Bill Morneau sort affaibli de l’exercice. D’autant qu’il est surprenant que le ministre fédéral des Finances ait sous-estimé les dommages collatéraux d’une réforme fiscale qu’il voulait majeure et ciblée. Il est contraint à une version lénifiée qui, elle, atteint mieux l’objectif.
En lançant la période de consultation le 18 juillet, Bill Morneau ne s’attendait pas à créer autant de confusion et de frustration chez les fiscalistes et les conseillers financiers, mais aussi chez les professionnels, les propriétaires de PME et les fermiers. Déjà, une consultation publique de seulement 75 jours, prévue au coeur de l’été, sur un aussi vaste chantier, sonnait faux. Fausse, aussi, était la cible des ménages visés, soit les quelque 50 000 composant le 1 % de la pyramide canadienne.
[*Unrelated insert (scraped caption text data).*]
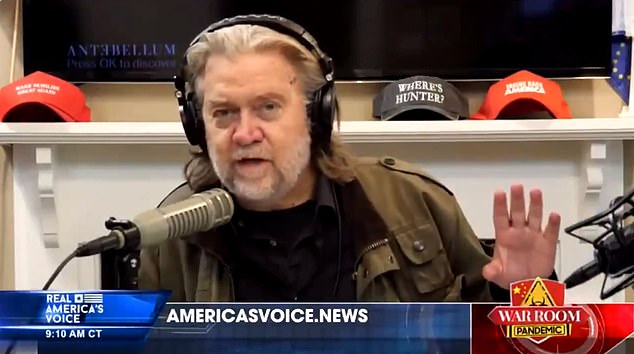 Steve Bannon permanently banned from Twitter for suggesting Dr. Fauci and Chris Wray beheadings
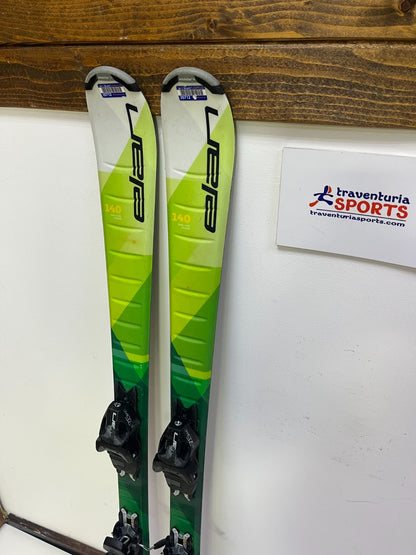 Skis Elan Explore Pro QS 140 + fixations Elan EL 7.5 Sport Neige Hiver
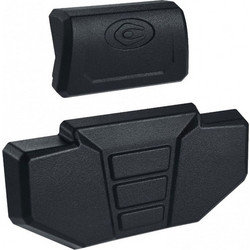 Coocase Μαξιλαράκι Πλάτης Aluminium Βαλίτσες Black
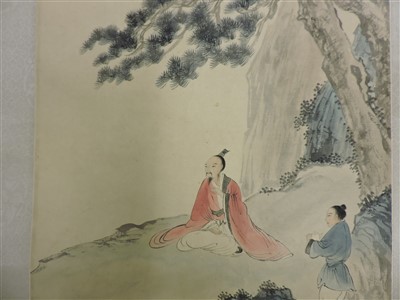 Lot 87 - A Chinese hanging scroll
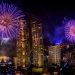 Fotos: Espectáculo desde el cielo en el Año Nuevo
Il appert que plus de 20 000 mémoires ont été déposés, tous dénonciateurs sauf exception.
L’intention initiale, au nom de la défense de la progressivité, était bonne. D’autant que le concept d’incorporation des professionnels introduit par Ottawa connaissait de sérieux dérapages sous la prolifération des sociétés privées. D’autant, aussi, que le mécanisme de fractionnement du revenu, si cher au gouvernement Harper, était devenu inéquitable et source de creusement des inégalités. Il disait avoir dans sa mire les riches professionnels incorporés versant de généreux dividendes à leurs enfants ou encore l’évitement fiscal permis par ces placements passifs concentrés entre les mains d’une poignée de sociétés privées. Mais il tirait dans toutes les directions.
Le ministre Morneau a multiplié les reculs depuis. Il a fait volte-face sur l’exonération cumulative du gain en capital. Puis sur la transformation du revenu sous forme de dividende en gain en capital. Il retient une formule adoucie du fractionnement du revenu avec un critère, subjectif, de raisonnabilité et la notion d’heures travaillées, ces nouvelles règles pour le 1er janvier prochain n’ayant été précisées que mercredi. Et il fixe un plafond aux placements passifs permis, à hauteur d’un revenu de placement de 50 000 $, ce qui, à un taux de rendement de 5 %, permet de laisser dormir des liquidités de 1 million, pour reprendre l’illustration officielle.
Pour dorer la pilule, le taux d’imposition des PME passera de 11 à 10 % en 2018, pour atteindre 9 % en janvier 2019. Un petit clin d’oeil à l’argumentaire d’Ottawa qui, pourtant, parle d’un écart croissant du taux d’imposition entre le particulier à taux le plus élevé et celui des PME venant favoriser le recours à des sociétés privées à des fins de planification fiscale.
En résumé, voilà un bref et sinueux parcours pour accoucher de deux mesures dont l’impact est, certes, mieux dirigé vers la cible. Mais une « réforme » qui alourdit la relation avec l’Agence de revenu du Canada, avec contraintes administratives accrues et fardeau de la preuve ou de démonstration imposé à l’ensemble des sociétés privées.